February 14, 2011
Washington, DC - The U.S. Commodity Futures Trading Commission (CFTC) today announced that it filed an anti-fraud civil lawsuit charging defendants PMC Strategy, LLC (PMC) of Monroe, N.C., and its principals, Michael Hudspeth of Statesville, N.C., and Timothy Bailey of Monroe, N.C., with committing fraud in connection with operating a foreign currency (forex) Ponzi scheme that solicited at least $669,000 from more than 22 individuals since June 2008. The defendants also allegedly misappropriated $129,000 of customer funds for their personal use.

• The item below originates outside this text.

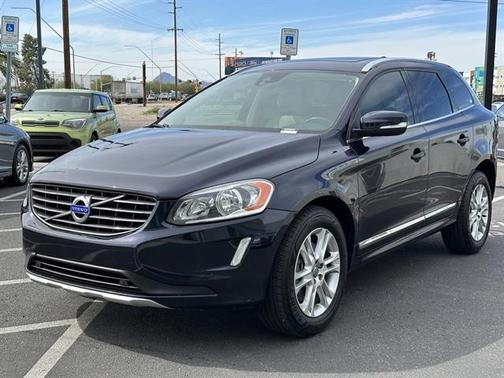 2016 Volvo XC60 T5 Drive-E Premier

None of the defendants has ever been registered with the CFTC in any capacity, according to the CFTC complaint, filed under seal on February 9, 2011, in the U.S. District Court for the Western District of North Carolina. On the same day, Judge Graham C. Mullen entered an emergency order freezing the defendants’ assets and prohibiting the destruction of books and records. The order also schedules a hearing on the CFTC’s motion for a preliminary injunction on February 17, 2011.
Specifically, the CFTC complaint alleges that the defendants fraudulently solicited and accepted funds from retail investors to engage in leveraged or margined forex transactions. Pool participants were allegedly advised that their funds would be pooled together in the name of PMC and used to trade off-exchange forex. Hudspeth falsely claimed that PMC had been trading forex successfully from at least January through June 2008, that only two percent of a pool participant’s funds were ever at risk and that customers could receive their initial investment back with a 30-day redemption notice, according to the complaint.
Hudspeth allegedly made material omissions of fact by failing to disclose that 1) not all of the customer funds collected were to be used to trade forex and 2) customer funds were used to pay purported monthly trading profits to other customers and for payments to defendants, as is typical of a Ponzi scheme.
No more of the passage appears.